Associations between biomarkers of bone and cartilage turnover, gender, pain categories and radiographic severity in knee osteoarthritis

Asger Reinstrup Bihlet, Inger Byrjalsen, Anne-Christine Bay-Jensen, Jeppe Ragnar Andersen, Claus Christiansen, Bente Juel Riis, Morten A Karsdal, Asger Reinstrup Bihlet, Inger Byrjalsen, Anne-Christine Bay-Jensen, Jeppe Ragnar Andersen, Claus Christiansen, Bente Juel Riis, Morten A Karsdal

Abstract

Background: Excessive cartilage degradation is a known characteristic of osteoarthritis (OA). Biochemical markers, such as uCTX-II, have been shown to be associated with disease severity, yet the tissue origin of CTX-II has been disputed. This analysis investigates the association between OA knee joints at different radiographic stages and pain categories with levels of uCTX-II and biomarkers of bone resorption and formation.

Methods: Baseline data of two randomised clinical trials (NCT00486434 and NCT00704847) in patients with radiographic OA and presence of pain were analysed post hoc. A subgroup with available urine samples and evaluable radiographs for both knees (N = 1241) was analysed. Urine CTX-I, urine CTX-II and serum osteocalcin were analysed for associations with combined Kellgren-Lawrence (KL) scores, gender and pain for both knees to assess the contribution of joints at different stages.

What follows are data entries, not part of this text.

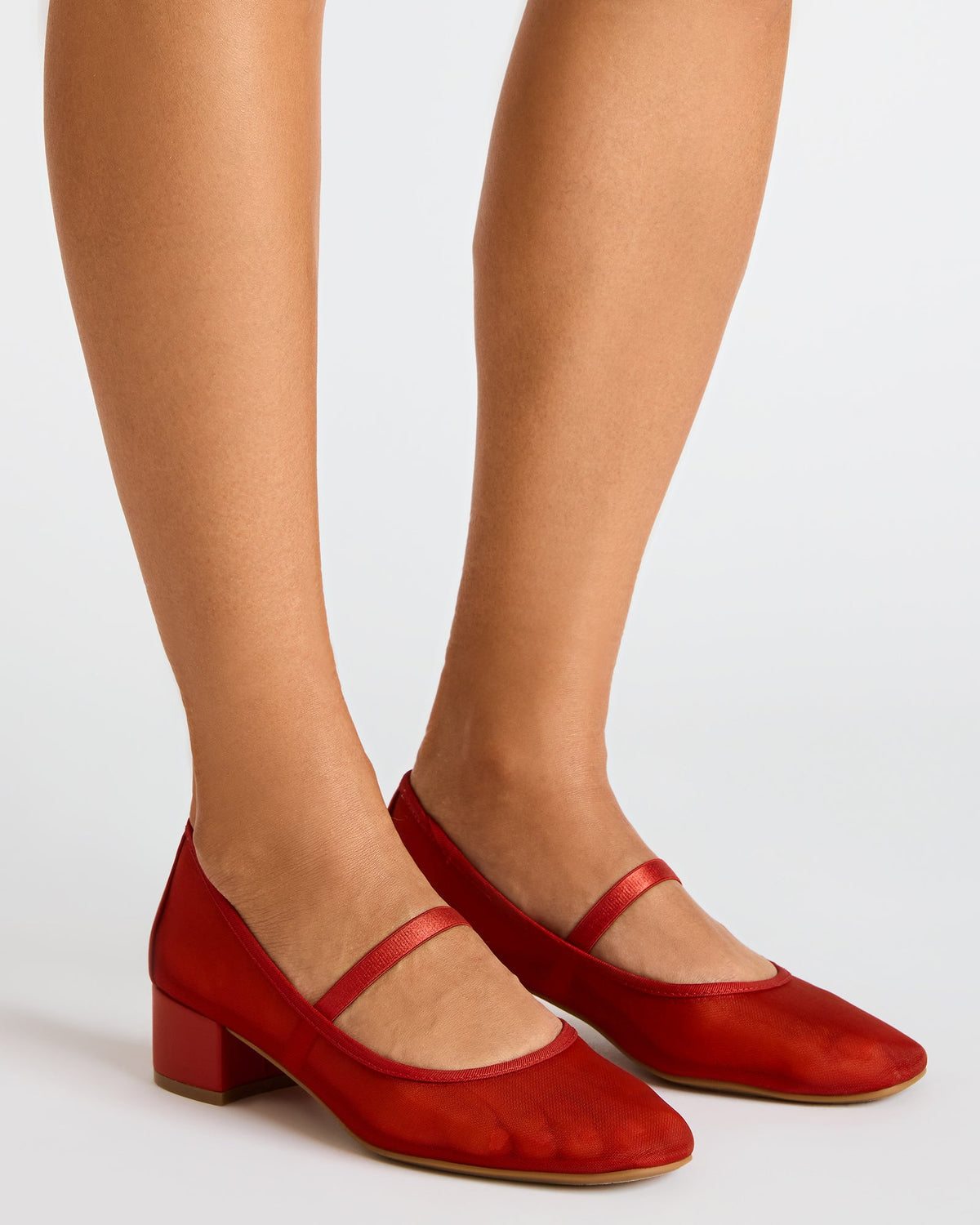 MURAL Red Mary Jane Block Heel Square-Toe Women's Heel - Steve Madden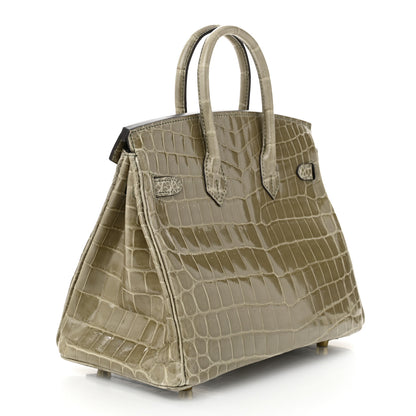 Hermes Shiny Niloticus Crocodile Birkin 25 Gris Tourterelle 3 of 11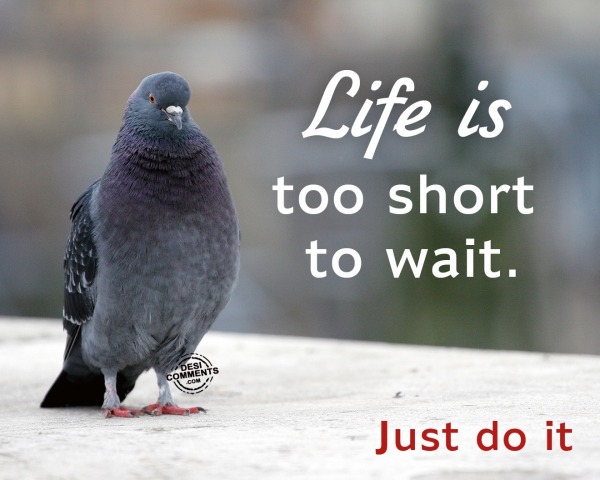 Life is too short to wait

Results: Pain, BMI, age, gender and KL grade were all significantly associated with uCTX-II. The association between pain and CTX-II appeared to be driven by weight-bearing pain. The level of uCTX-II incrementally increased with higher radiographic severity of each knee. Levels of bone markers CTX-I and osteocalcin were both significantly associated with BMI and gender, but neither were associated with radiographic severity. Biomarker levels between male or female groups of identical KL scores were found to be higher in females compared to males in some but not all KL score groups.

Conclusions: These results indicate that levels of uCTX-II are independently associated with radiographic severity of OA and pain intensity. CTX-II was associated with weight-bearing pain, but not non-weight-bearing pain, independent of co-variates. Bilateral OA knee joints appear to contribute to uCTX-II levels in an incremental manner according to radiographic severity of single joints. The data suggest that biomarker differences between genders should be taken into account when evaluating these markers in the context of structural features of OA.

Keywords: Biomarkers; Bone; Cartilage; Osteoarthritis; Pain; Radiography.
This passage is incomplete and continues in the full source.